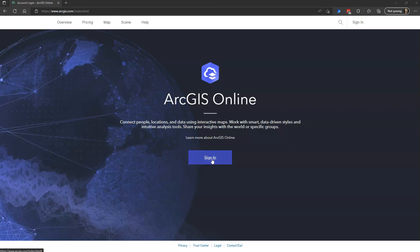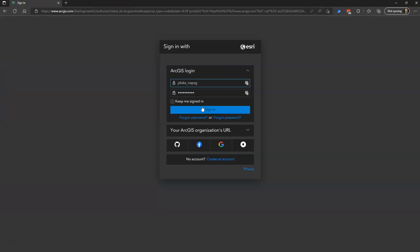This is Jared Doek with Knapsig Foundation and I'm going to show you how to accept an invitation to a group. First you need to go to arcgis.com and click sign in. Here you'll put in your username and password, then click sign in again.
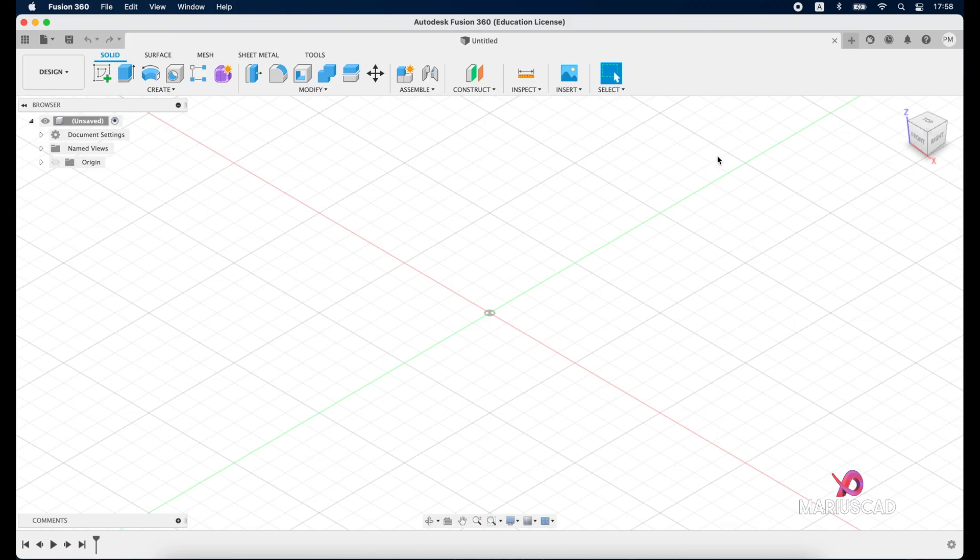Hello everybody and welcome to a new tutorial. Today I want to present you in the shortest time possible how you can export G-codes from Fusion 360.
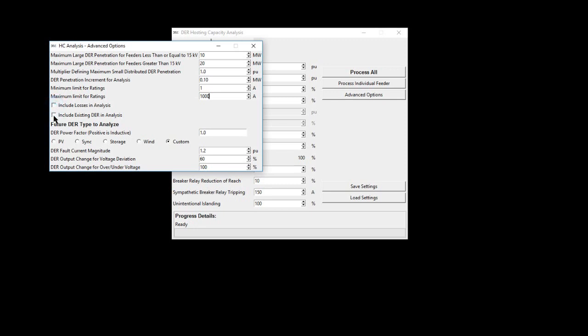Including existing DER in the analysis is an option to give the user the ability to determine the total feeder hosting capacity or just the remaining feeder hosting capacity.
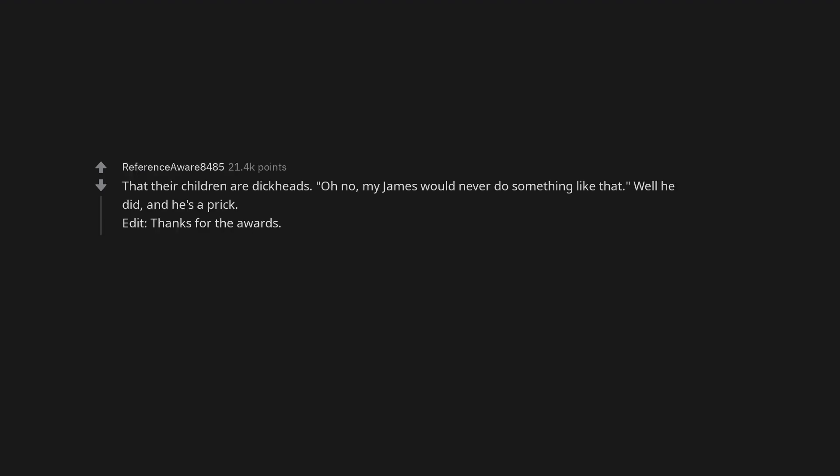That their children are dickheads. Oh no, my James would never do something like that. Well, he did, and he's a prick.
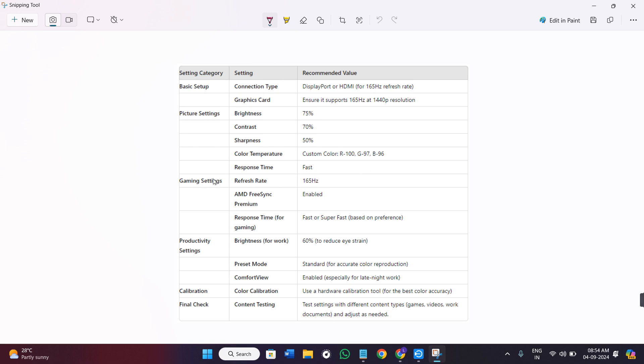Now in the gaming settings, the refresh rate should be 165 hertz. The AMD FreeSync premium should be enabled. The response time for gaming should be set on fast or super fast based on the performance.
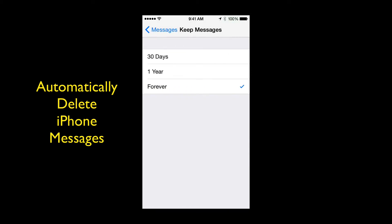Once you tap that you've got two other options, 30 days, one year, or forever. Just select one of those and then your messages after say 30 days will automatically delete. In my case like I said I've got messages that I have had forever and I need to fix that.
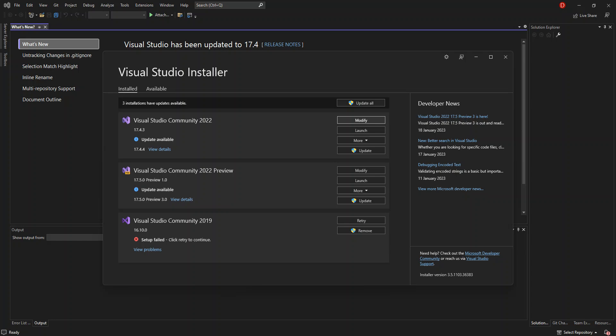C# is a general-purpose programming language supporting multiple paradigms. It encompasses static typing, strong typing, lexically scoped, imperative, declarative, functional, generic, object-oriented, and component-oriented programming disciplines.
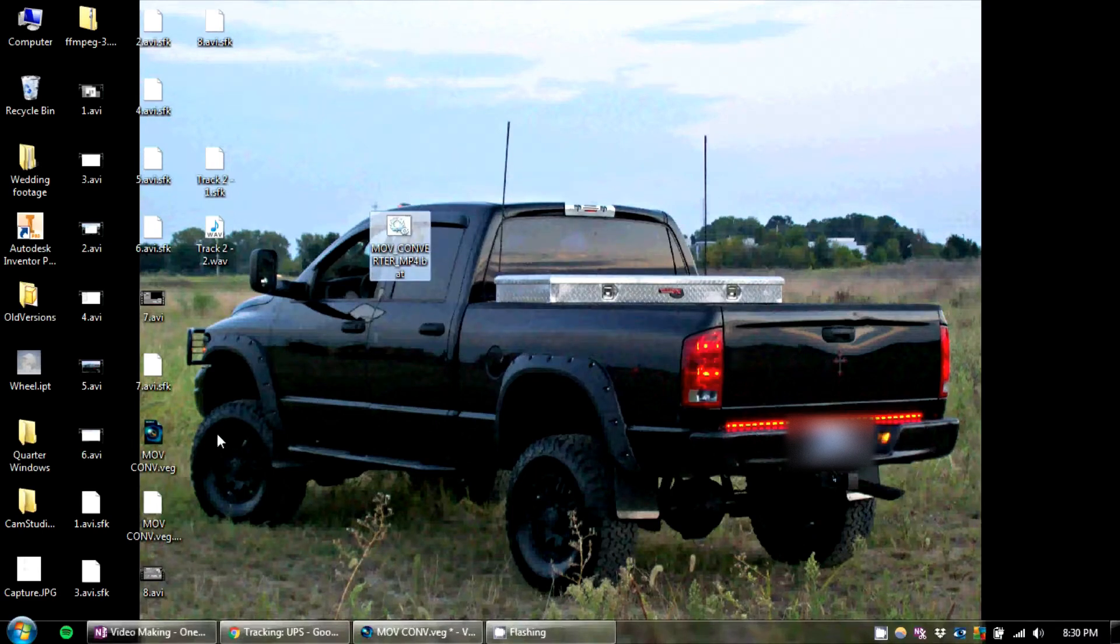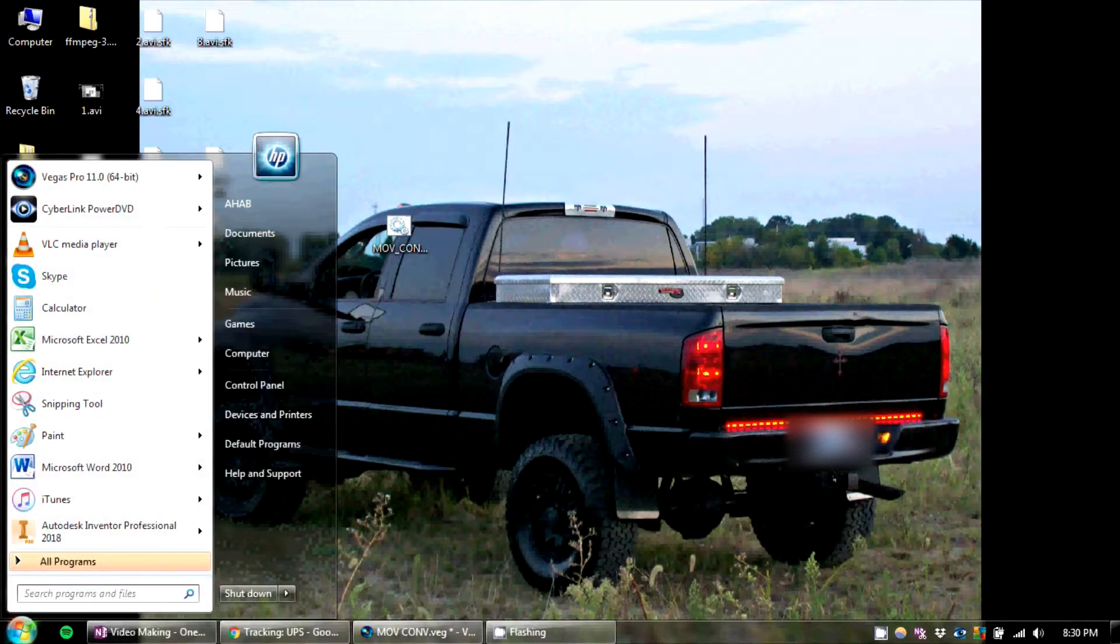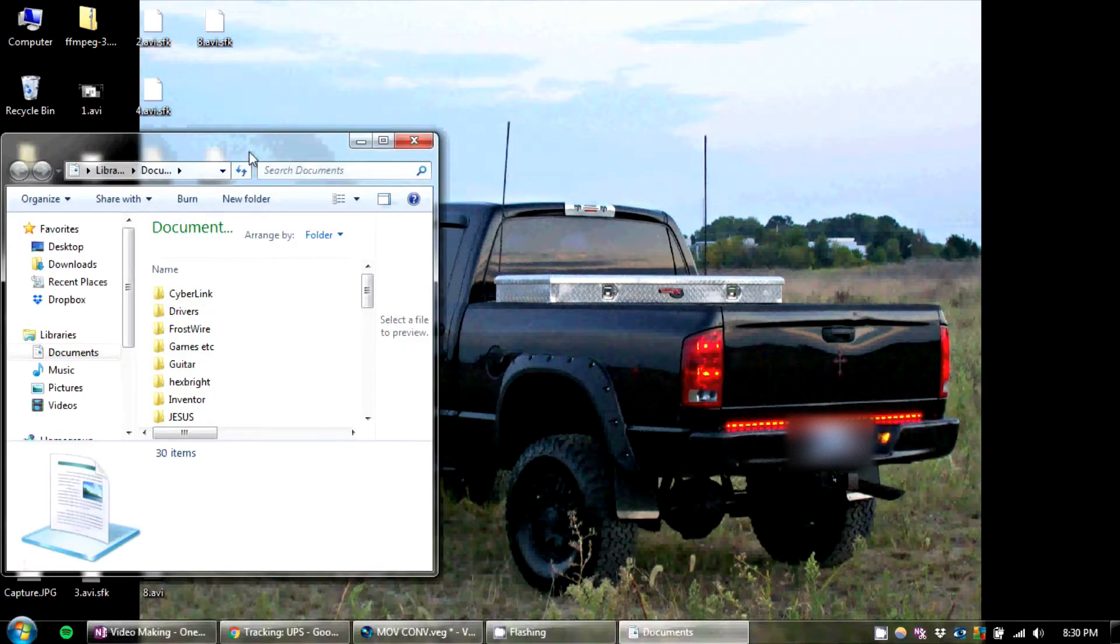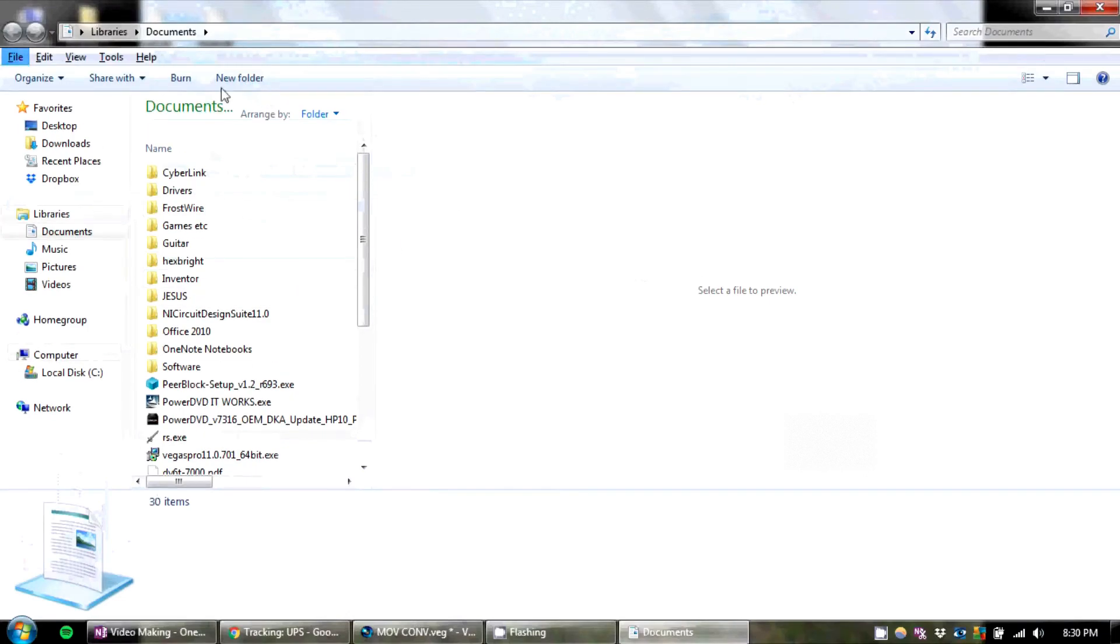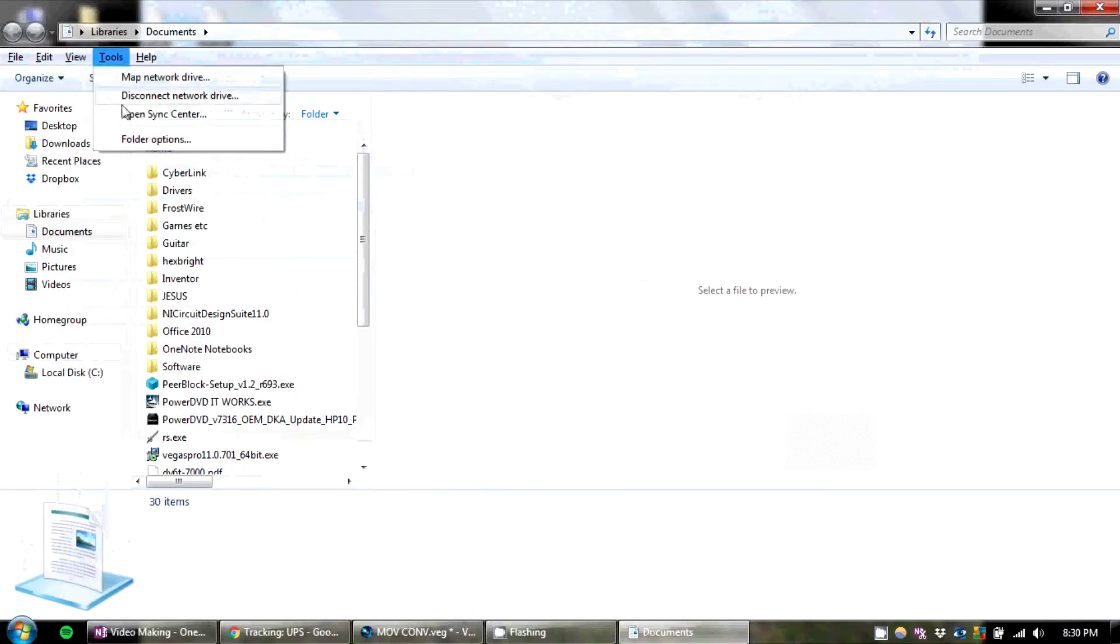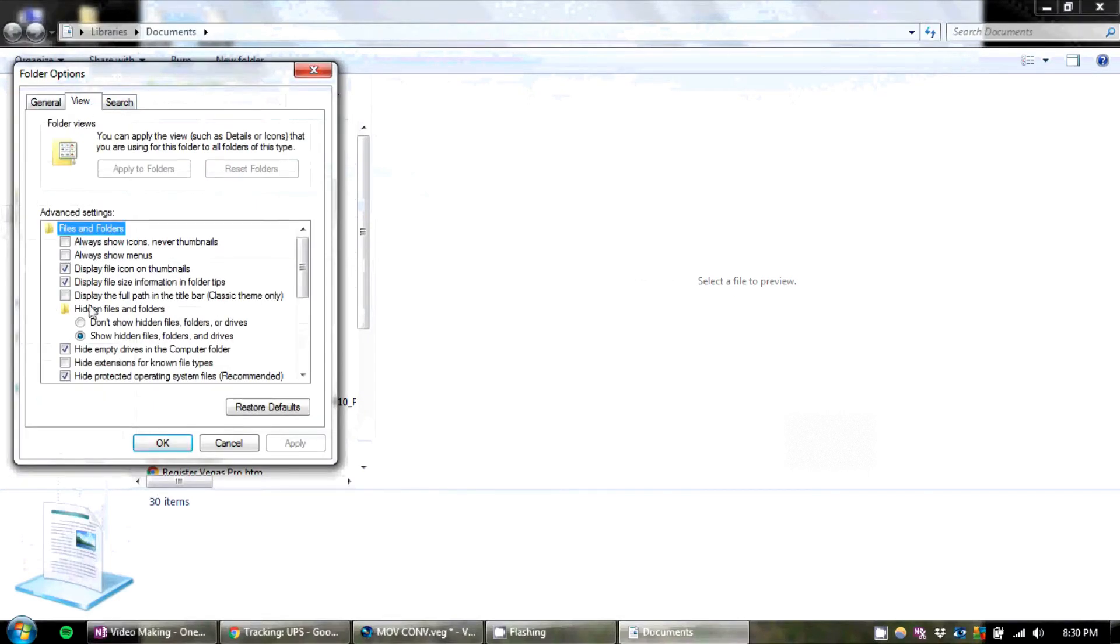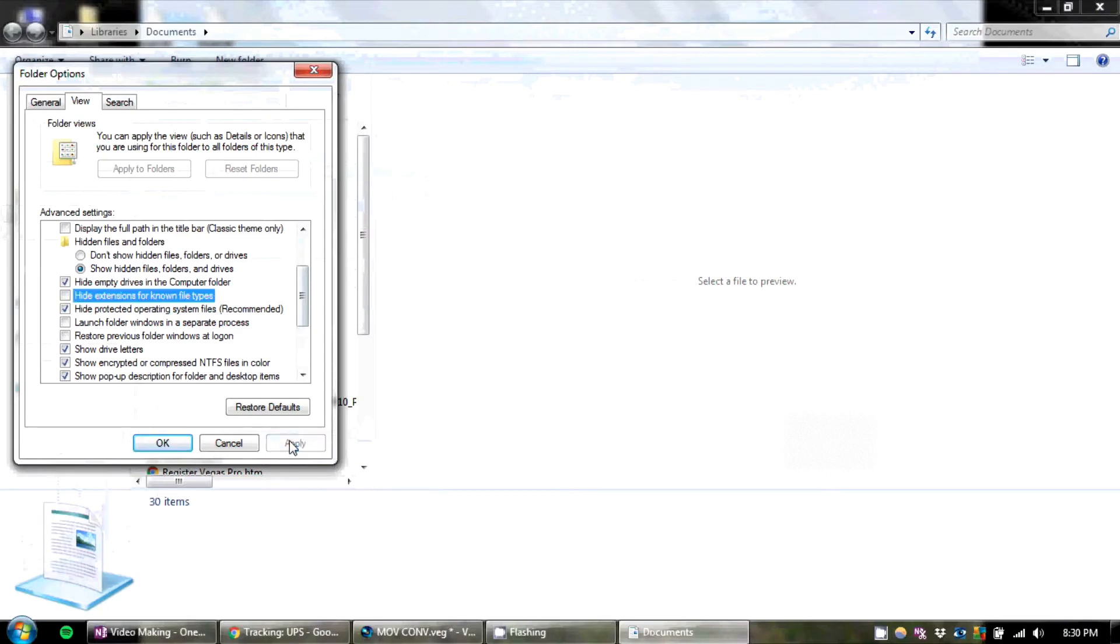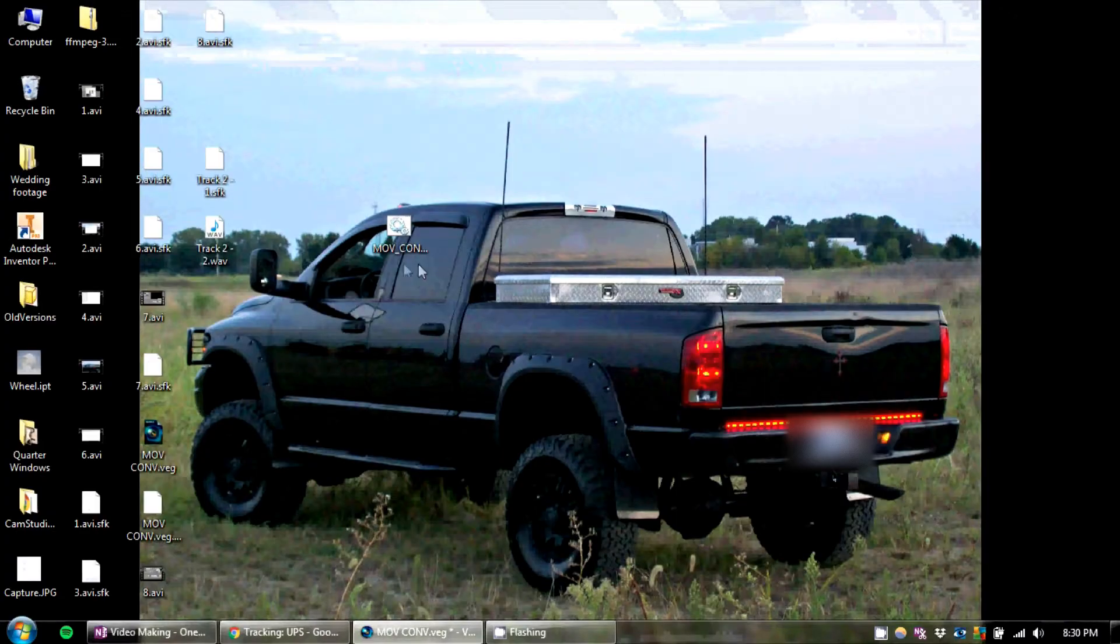If you can't see the extension, then all you have to do is go to Windows Explorer, hit Alt, View, Tools, Folder Options, View. And uncheck Hide Extensions for Known File Types. And your extension should pop up. You should be able to change it.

WORK ITEM – Please output all of the entries above exactly, but without any picture.

OUTPUT OF THE TASK –
This is Jared Doek with Knapsig Foundation and I'm going to show you how to accept an invitation to a group. First you need to go to arcgis.com and click sign in. Here you'll put in your username and password, then click sign in again.
Hello everybody and welcome to a new tutorial. Today I want to present you in the shortest time possible how you can export G-codes from Fusion 360.
Including existing DER in the analysis is an option to give the user the ability to determine the total feeder hosting capacity or just the remaining feeder hosting capacity.
That their children are dickheads. Oh no, my James would never do something like that. Well, he did, and he's a prick.
Now in the gaming settings, the refresh rate should be 165 hertz. The AMD FreeSync premium should be enabled. The response time for gaming should be set on fast or super fast based on the performance.
Once you tap that you've got two other options, 30 days, one year, or forever. Just select one of those and then your messages after say 30 days will automatically delete. In my case like I said I've got messages that I have had forever and I need to fix that.
C# is a general-purpose programming language supporting multiple paradigms. It encompasses static typing, strong typing, lexically scoped, imperative, declarative, functional, generic, object-oriented, and component-oriented programming disciplines.
If you can't see the extension, then all you have to do is go to Windows Explorer, hit Alt, View, Tools, Folder Options, View. And uncheck Hide Extensions for Known File Types. And your extension should pop up. You should be able to change it.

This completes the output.